The competitive context sharpens why this matters. Mainstream AI-certification coverage centers on the EU AI Act, ISO/IEC 42001, and NIST AI RMF, regulatory and management-system frameworks that operate above the artifact. Few of them treat a system prompt or an AGENTS.md file as a thing that should inherit aviation’s traceability and requalification discipline. The paper’s contribution is to pull that lens from DO-178C and DO-330 and apply it where the auditor’s hands actually rest: the static document that governs a non-deterministic system, and the only surface in the stack that can be inspected, bound to a context, and given an expiry.
Frequently Asked Questions
How does this differ from ISO/IEC 42001’s treatment of governance documents?
ISO/IEC 42001, published in December 2023 as the first certifiable AI management-system standard, certifies the organizational process that produces AI rather than any single artifact governing a model. NIST AI RMF’s Govern, Map, Measure, and Manage functions sit similarly above the document layer. Neither imposes per-artifact traceability, validity bounds, or evidence channels on system prompts or AGENTS.md files, which is the specific gap the paper names.
How does DO-330 requalification differ from MLOps retraining triggers?
DO-330 requalification fires when a qualified tool’s operational context changes, and the burden is on demonstrating that prior approval still holds. MLOps retraining triggers typically fire on performance-metric decay, which is downstream of context drift. Under the paper’s epoch-limit framing, revalidation would be required on any context change such as a model swap, tool-set change, or data-environment shift, regardless of whether evaluation metrics have moved.
What would count as a proof surface for an AGENTS.md file in practice?
Concretely, a proof surface would pin the model version, dependency versions, and data sources the document was approved against, then capture an evaluation trace showing it held for those inputs. A changelog linking each document revision to an explicit revalidation decision, plus retained eval-suite logs keyed to those version pins, would approximate what DO-178C calls objective evidence at the document layer.
Where does the document-layer argument break down?

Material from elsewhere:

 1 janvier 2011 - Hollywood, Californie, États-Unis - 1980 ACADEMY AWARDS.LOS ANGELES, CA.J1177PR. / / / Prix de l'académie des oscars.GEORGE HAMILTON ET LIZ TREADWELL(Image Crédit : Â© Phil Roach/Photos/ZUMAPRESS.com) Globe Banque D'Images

The document-layer transfer preserves aviation’s structural form without carrying its safety guarantee. A governance prompt can satisfy traceability, context bounds, and evidence requirements while the model it constrains still misbehaves, because a static artifact cannot encode the stochastic system’s full behavioral envelope. The discipline audits the document; it does not bind the model’s output.
What is the near-term adoption risk under the EU AI Act?
The Act’s high-risk-system obligations apply from 2 August 2026, roughly five weeks out, yet neither the Act nor its current harmonized standards mandate per-document epoch limits or proof surfaces. If harmonized standards eventually adopt those document-layer requirements, the 37% structural-quality figure from the companion study implies most existing high-risk governance artifacts would need revision before conformity assessment rather than after.